I’ve had the pleasure of meeting Chris a couple of years ago and it was only now that I had the chance of sitting him down and asking him some questions about his work. I hope you enjoy reading this interview.

Chris Bray

Hi Chris, thank you for taking the time to do this interview with F Stop Lounge. Can you please introduce us to the type of photography you’re well-known for, and what led you to specialise in this vertical? 

While I certainly love the act of training my lens on and photographing wildlife, I am equally drawn by the journey to reach that moment. The adventure of traveling to and through amazingly remote locations; learning about the animals and their behaviour; finding them, and then gambling patience, weather, lighting, camera settings, technology – even physical risk – to try and creatively capture a special moment – these are the elements that I love almost as much as the photography.

I grew up sailing around the world with my family onboard our homemade yacht for five years, so I was led to believe that constantly traveling and visiting all these amazing cultures and places was normal.

Life really was just one endless parade of photo opportunities and so I have been taking photos since I was a kid. I didn’t start to get serious about it though until Australian Geographic gave me enough money to buy my first modern SLR camera (still film, but had auto focus etc) to take with me on a serious, 30-day untracked hike a friend and I did in Tasmania.
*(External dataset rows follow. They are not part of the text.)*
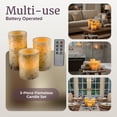 thumbnail image 6 of Lavish Home Set of 3 Birch Bark Flameless LED Pillar Candles with Remote Control and Timer, 6 of 9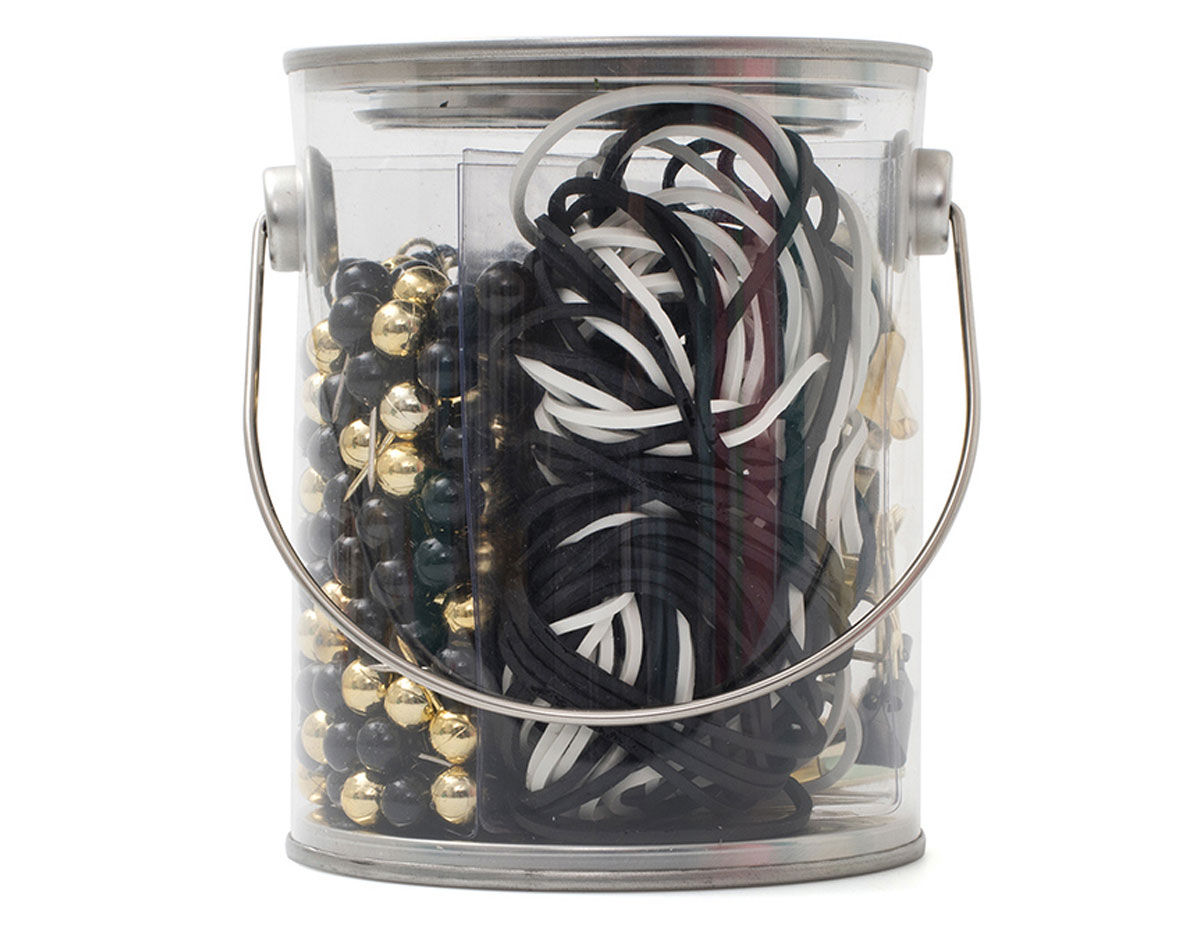 345230 Set 291 ornements noirs et dores Black and Gold Acetate Bucket American Crafts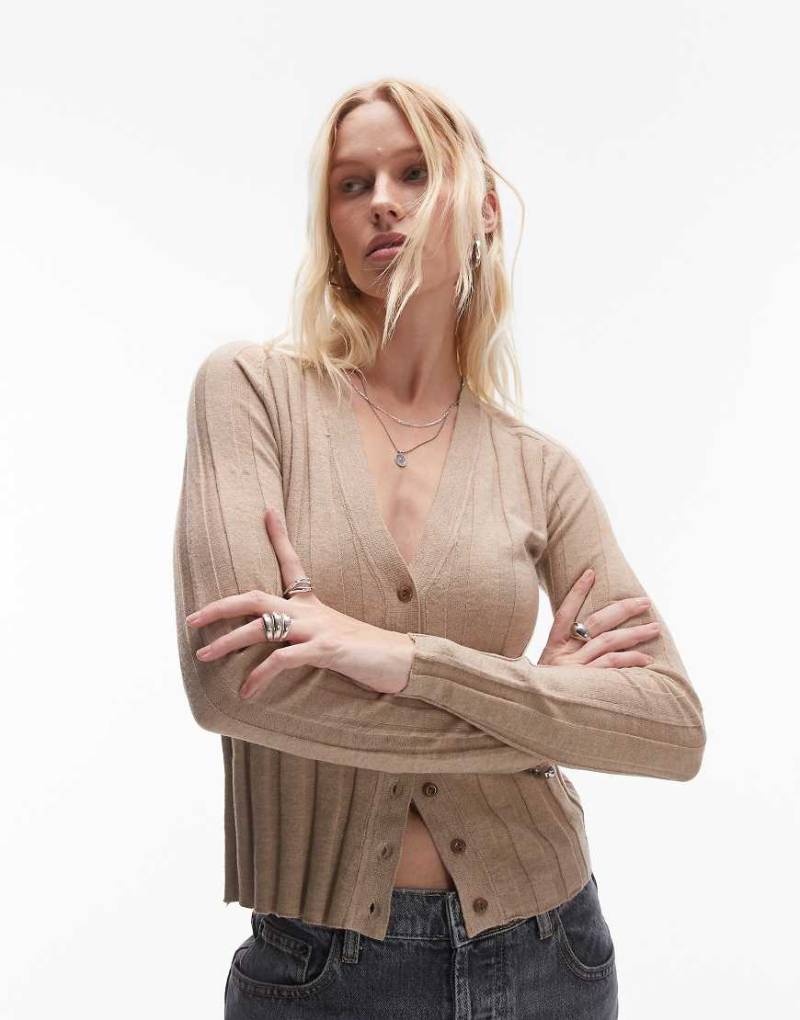 Mango - Gerippte Strickjacke in Beige mit Knopfleiste-Neutral von Mango
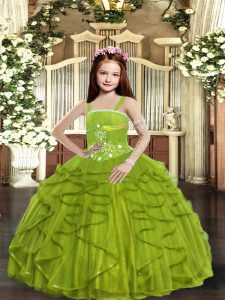 Fantastic Tulle Straps Sleeveless Lace Up Beading and Ruffles Little Girls Pageant Gowns in Olive Green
That led to some adventure awards and media interest, and also my first published article and photos sold.

I’ve sailed through the arctic on my own tiny wooden sailboat to find polar bears, tied myself off and lowered a camera down onto a sea cliff filled with nesting birds, and attached a GoPro camera to a remote control car and driven it up to lions, elephants, rhinos and more – photography is almost just the end result, my way of capturing and sharing these amazing experiences that I enjoy so much.
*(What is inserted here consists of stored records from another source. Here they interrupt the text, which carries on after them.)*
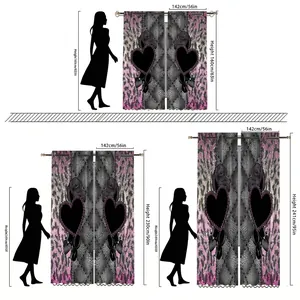 Pink leopard print curtains with heart patterns shown in three height size options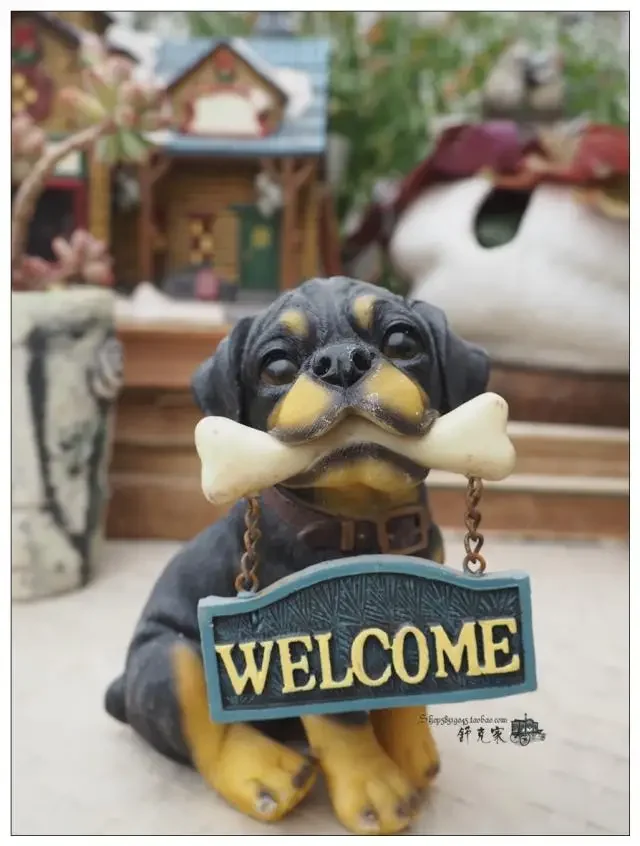 

Милая Черная имитация собаки щенка Добро пожаловать бренд украшения из смолы для ресторана хлебобулочного магазина открытое украшение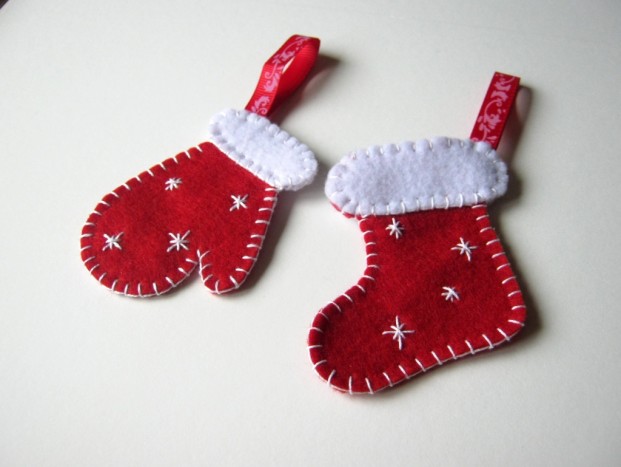 Božični okraski - copatki in rokavičke - 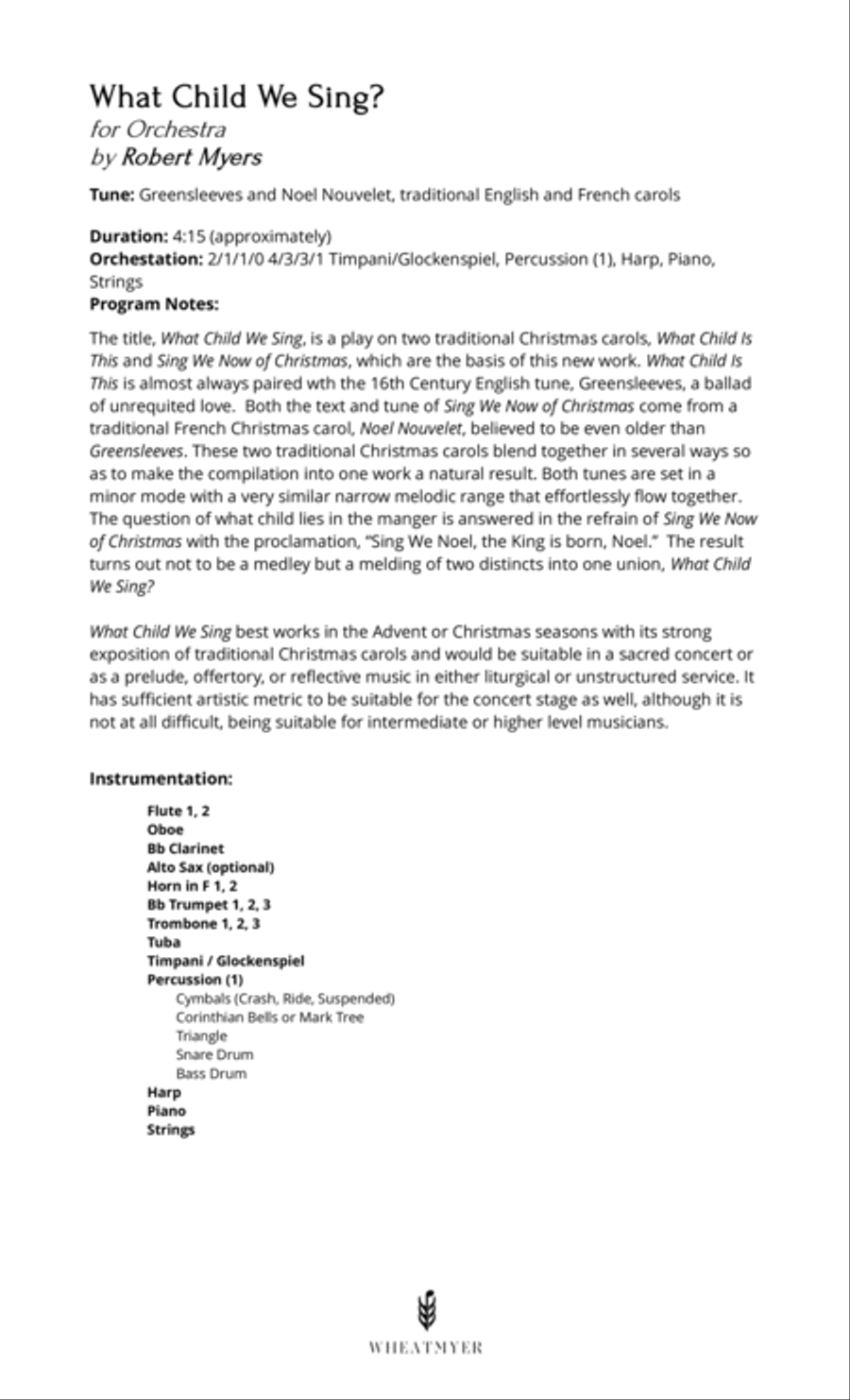 What Child We Sing? Full Orchestra scores gallery preview page 2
I’ve sailed through the arctic on my own tiny wooden sailboat to find polar bears, tied myself off and lowered a camera down onto a sea cliff filled with nesting birds, WEDGED A CAMERA INSIDE A LIONS KILL, and attached a GoPro camera to a remote control car and driven it up to lions, elephants, rhinos and more – photography is almost just the end result, my way of capturing and sharing these amazing experiences that I enjoy so much.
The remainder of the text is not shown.